Stocks Bounce as Investors Raise Rate Hike Expectations After Powell's Comments

Brendan McDermid | Reuters

U.S. stocks rebounded Tuesday as traders digested Federal Reserve Chair Jerome Powell's latest rate hike comments.

The Dow Jones Industrial Average rose 254.47 points, or 0.7% to 34,807.46. The S&P 500 added 1.1% to close at 4,511.61. The Nasdaq Composite rallied nearly 2% to finish at 14,108.82.

Stocks were coming off a volatile session Monday, as Powell said "inflation is much too high" and vowed to take "necessary steps" to curb inflation. The comments came less than a week after the Fed raised rates for the first time since 2018.

"The anticipation turned out to be worse than the actual event and now the messaging that we heard yesterday ... sets us up to be prepared for the worst, but hope for the best," Liz Young, head of investment strategy at SoFi, told CNBC's "Fast Money Halftime Report" on Tuesday.

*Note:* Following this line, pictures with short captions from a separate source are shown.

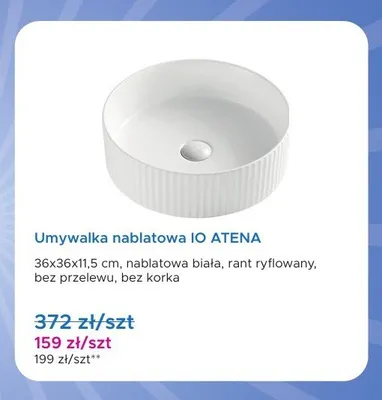 Umywalka nablatowa IO ATENA 36x36x11,5 cm promocja w Blu Salony Łazienek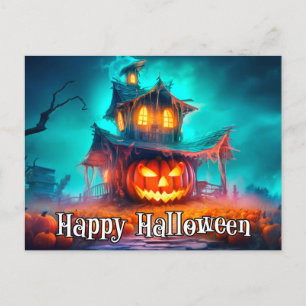 Nefarious Mad Pumpkin Happy Halloween Postcard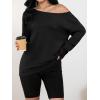imageATHMILE Off The Shoulder Tops for Women 2025 Fall Long Sleeve Oversized Tshirts Fashion Going Out Outfits Casual Basic TeesBlack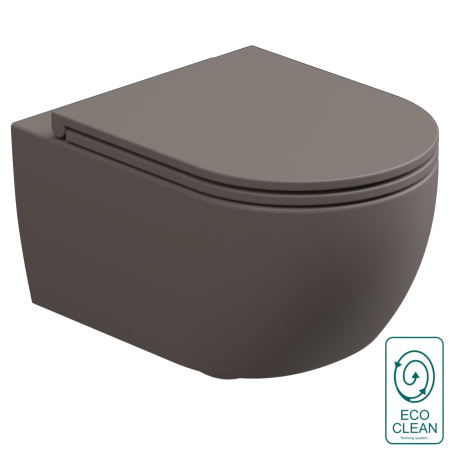 Чаша подвесного унитаза со смывом Eco Clean (торнадо) GSG Ceramic Design Like LKWCSOEC029, Tortora Matt LKWCSOEC029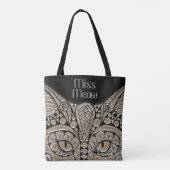 Kunstdeco goud en zwarte Egyptische kat Tote Bag (Achterkant)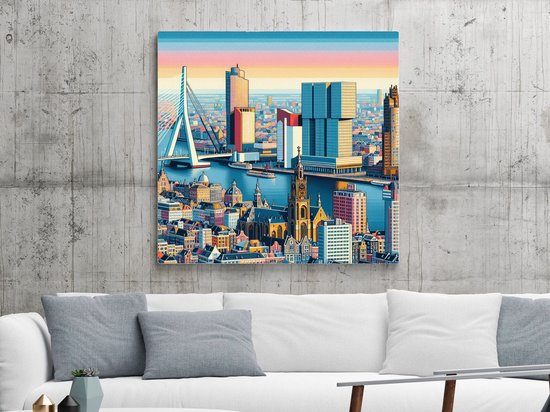 Acryl rotterdam schilderij | Rotterdamse skyline getransformeerd tot explosie van kleur en vormen | Kunst - 60x60 centimeter op Dibond | Foto op Dibond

Some market participants raised their expectations for rate hikes as Powell said the Fed could move the benchmark rate by a greater magnitude than previously forecast.

"If we conclude that it is appropriate to move more aggressively by raising the federal funds rate by more than 25 basis points at a meeting or meetings, we will do so," said Powell on Monday to the National Association for Business Economics. One basis point equals 0.01%.

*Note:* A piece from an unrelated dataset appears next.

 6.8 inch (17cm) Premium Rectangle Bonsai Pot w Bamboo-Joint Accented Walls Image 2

Goldman Sachs on Monday upped its forecast to 50-basis-point hikes at the May and June Fed meetings. UBS chief U.S. economist Jonathan Pingle in a note Monday said, "We think odds of a 50 bp rate hike are rising."

The benchmark 10-year U.S. Treasury yield on Tuesday hit 2.392% at the highs of the session, its highest level since May 2019.

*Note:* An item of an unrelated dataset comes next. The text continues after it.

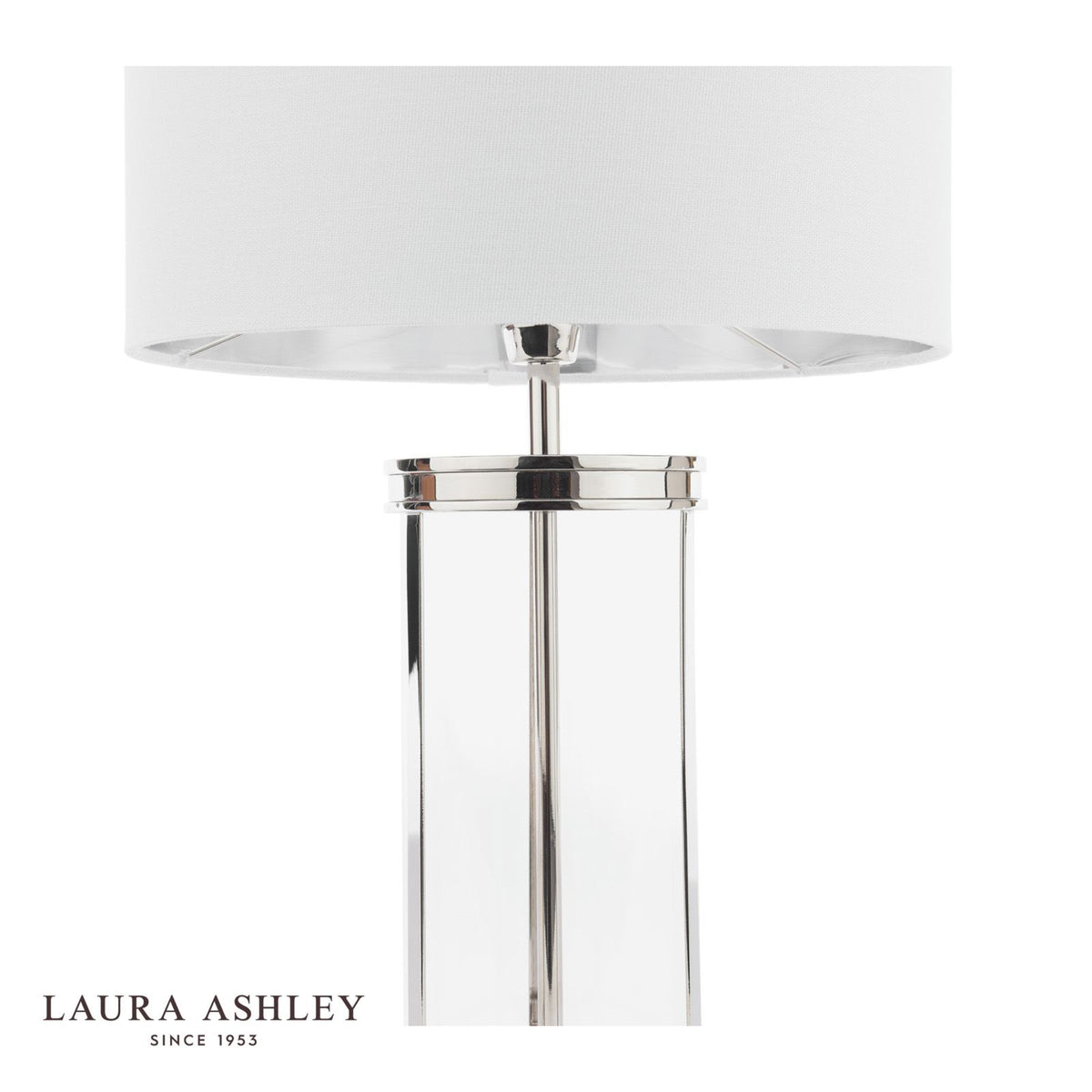 Laura Ashley Harrington Small Table Lamp Polished Nickel and Glass With Shade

Bank stocks rose Tuesday along with interest rates. JPMorgan gained 2.1%, and Bank of America rose 3.1%.

Technology stocks, which struggled Monday after Powell's comments, rebounded Tuesday. Big Tech names Alphabet, Meta and Amazon all gained more than 2%, providing support to the indexes.

Nike shares moved up 2.2% after the retailer reported a beat on the top and bottom lines for its fiscal third quarter, buoyed by strong demand in North America.

Investors on Tuesday continued to watch the situation in Eastern Europe, with President Joe Biden saying Russian President Vladimir Putin's back is "against the wall" as the war with Ukraine nears a stalemate.

The three major averages are on pace to finish the month positive. The S&P 500 is up 3.1% in March, while the Dow and Nasdaq are each more than 2% higher on the month.